Discussion:
[Beowulf] Killing nodes with Open-MPI?
Chris Samuel
2017-10-26 11:42:51 UTC
Permalink
Hi folks,

I'm helping another group out and we've found that running an Open-MPI
program, even just a singleton, will kill nodes with Mellanox ConnectX 4 and 5
cards using RoCE (the mlx5 driver). The node just locks up hard with no OOPS
or other diagnostics and has to be power cycled.

Disabling openib/verbs support with:

export OMPI_MCA_btl=tcp,self,vader

stops the crashes, and whilst it's hard to tell strace seems to imply it hangs
when trying to probe for openib/verbs devices (or shortly after).

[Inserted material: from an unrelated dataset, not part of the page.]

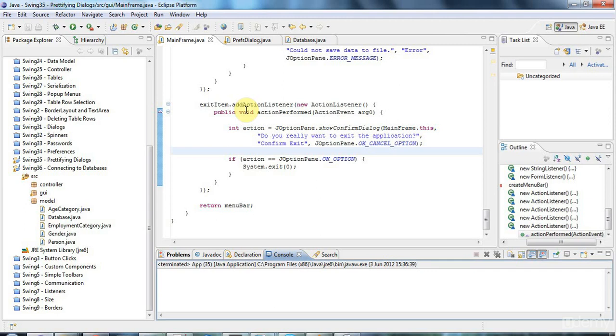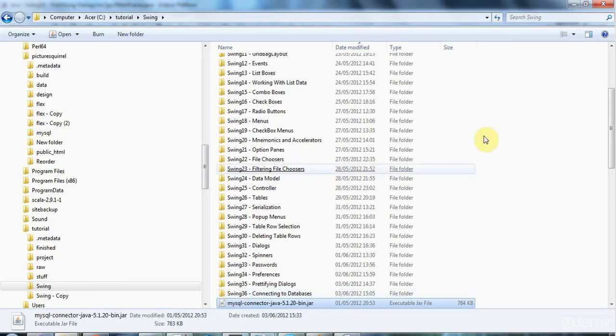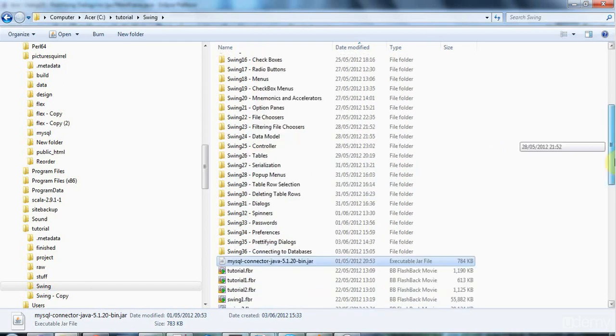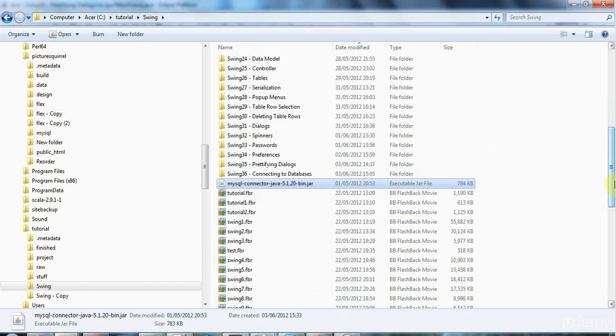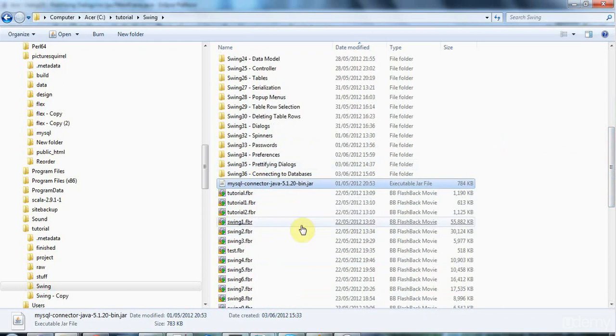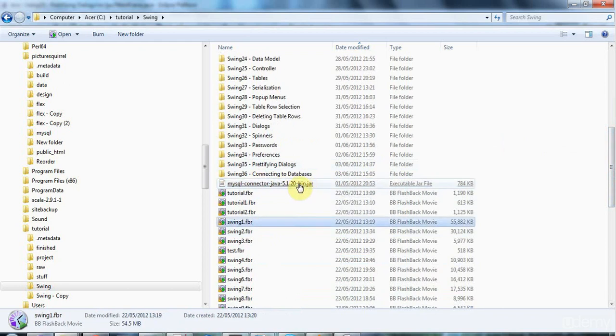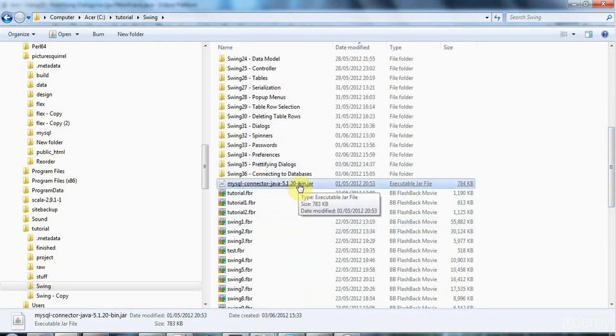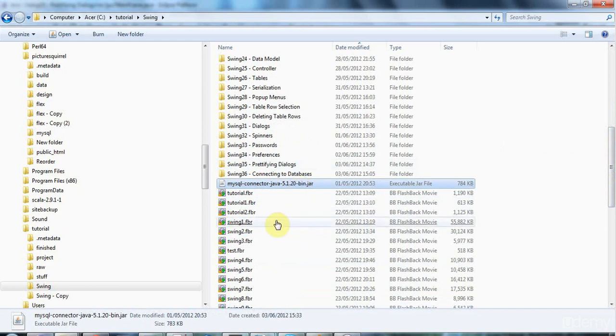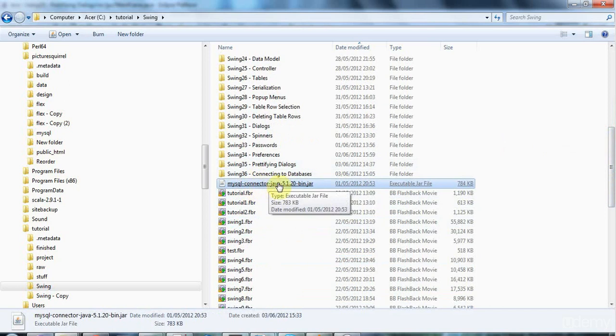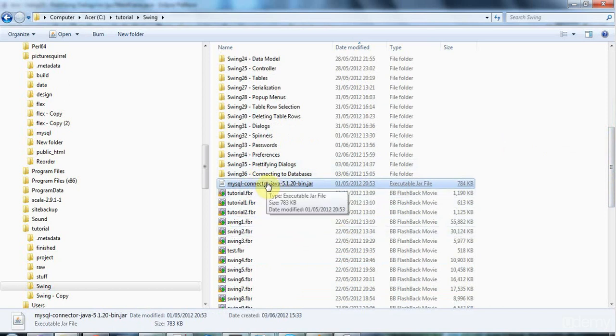So I'm going to start by, I've actually already, I'm going to connect to a MySQL database that's running on this machine that I'm working on here, and to connect to a MySQL database, you need the MySQL Java connector jar, which I've got here. If you search in Google for that, you'll find it very quickly and you can download it from the MySQL website. Just search for MySQL Java connector and you'll find this jar and you need that to connect to databases using JDBC.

Nodes with ConnectX-3 cards (mlx4 driver) don't seem to have the issue and I'm
reasonably convinced this has to be a driver bug, or perhaps a bad interaction
with recent 4.11.x and 4.12.x kernels (they need those for CephFS).

They've got a bug open with Mellanox already but I was wondering if anyone
else had seen anything similar?

cheers!
Chris
--
Christopher Samuel Senior Systems Administrator
Melbourne Bioinformatics - The University of Melbourne
Email: ***@unimelb.edu.au Phone: +61 (0)3 903 55545

_______________________________________________
Beowulf mailing list, ***@beowulf.org sponsored by Penguin Computing
To change your subscription (digest mode or unsubscribe) visit http://www.beowulf.org/mailman/
Ryan Novosielski
2017-10-26 16:30:29 UTC
Permalink
Where is this driver from? OS, or OFED, or?

We use primarily MVAPICH2 but I would be curious to try to duplicate this on our mlx5 equipment.

What model cards do you have?
--
____
|| \\UTGERS, |---------------------------*O*---------------------------
||_// the State | Ryan Novosielski - ***@rutgers.edu<mailto:***@rutgers.edu>
|| \\ University | Sr. Technologist - 973/972.0922 (2x0922) ~*~ RBHS Campus
|| \\ of NJ | Office of Advanced Research Computing - MSB C630, Newark
`'

On Oct 26, 2017, at 07:43, Chris Samuel <***@unimelb.edu.au<mailto:***@unimelb.edu.au>> wrote:

Hi folks,

I'm helping another group out and we've found that running an Open-MPI
program, even just a singleton, will kill nodes with Mellanox ConnectX 4 and 5
cards using RoCE (the mlx5 driver). The node just locks up hard with no OOPS
or other diagnostics and has to be power cycled.

Disabling openib/verbs support with:

export OMPI_MCA_btl=tcp,self,vader

stops the crashes, and whilst it's hard to tell strace seems to imply it hangs
when trying to probe for openib/verbs devices (or shortly after).

Nodes with ConnectX-3 cards (mlx4 driver) don't seem to have the issue and I'm
reasonably convinced this has to be a driver bug, or perhaps a bad interaction
with recent 4.11.x and 4.12.x kernels (they need those for CephFS).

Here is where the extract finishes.